Uroczysta sesja Rady Miasta Gdańska na stulecie niepodległości. Z taką propozycją wyszedł w czwartek klub gdańskich radnych Platformy Obywatelskiej. Szef radnych PiS popiera wniosek. Kadencja obecnej rady zakończy się 16 listopada, czyli już po wyborach samorządowych, dlatego radni chcieliby jeszcze w trwającej kadencji uhonorować datę 11 listopada (pierwsza tura wyborów odbędzie się 21 października, druga 4 listopada). O nadzwyczajną sesję wnioskował szef klubu radnych PO Piotr Borawski.

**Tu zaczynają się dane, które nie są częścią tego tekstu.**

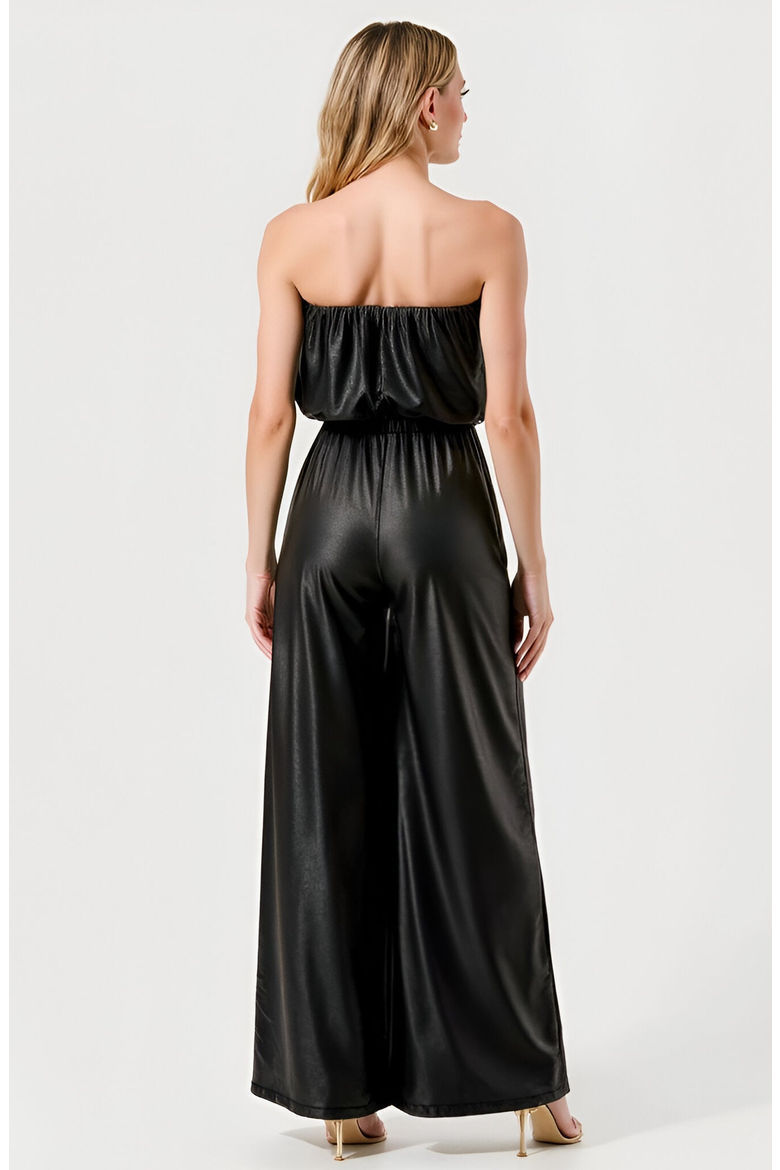 Strapless Satin Jumpsuit with Belted Waist and Wide Leg Silhouette, Alternate, color, Black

– Zostaliśmy trochę zaskoczeni przez ustawodawcę, który w lipcu zmienił przepisy. Okazało się, że to nie wybory zakończą kadencję Rady Miasta Gdańska, tylko będzie ona trwała aż do 16 listopada, następnie w ciągu siedmiu dni zostanie powołana nowa rada – mówi radny. – Uważam, że jeżeli mamy pełnić nadal nasze obowiązki powinniśmy uhonorować datę 11 listopada nadzwyczajną sesją Rady Miasta Gdańska w stulecie niepodległości. Taką sesję należy odpowiednio przygotować, wybrać specjalne miejsce, zaprosić gości. Może warto pomyśleć o jakimś wykładzie z okazji stulecia niepodległości. Jako klub uważamy, że mamy obowiązki wobec 11 listopada i chcemy je jak najbardziej spełnić – podkreśla Piotr Borawski.
 
ZGODA Z OPOZYCJĄ

Na wniosek pozytywnie patrzy przewodniczący klubu radnych Prawa i Sprawiedliwości Kazimierz Koralewski. – Rzeczywiście zdarzy się tak, że Rada Miasta w starym składzie będzie działać do połowy listopada. Uważam za zasadne zwołanie nadzwyczajnej sesji Rady Miasta, dla uczczenia zacnego jubileuszu naszej niepodległości, a z drugiej strony być może będziemy mogli przyjąć jeszcze jakieś uchwały zanim nowa rada zostanie zaślubiona – mówi radny Kazimierz Koralewski.

Przewodniczący Rady Miasta Gdańska Bogdan Oleszek powiedział, że pozytywnie rozpatrzy wniosek radnych PO.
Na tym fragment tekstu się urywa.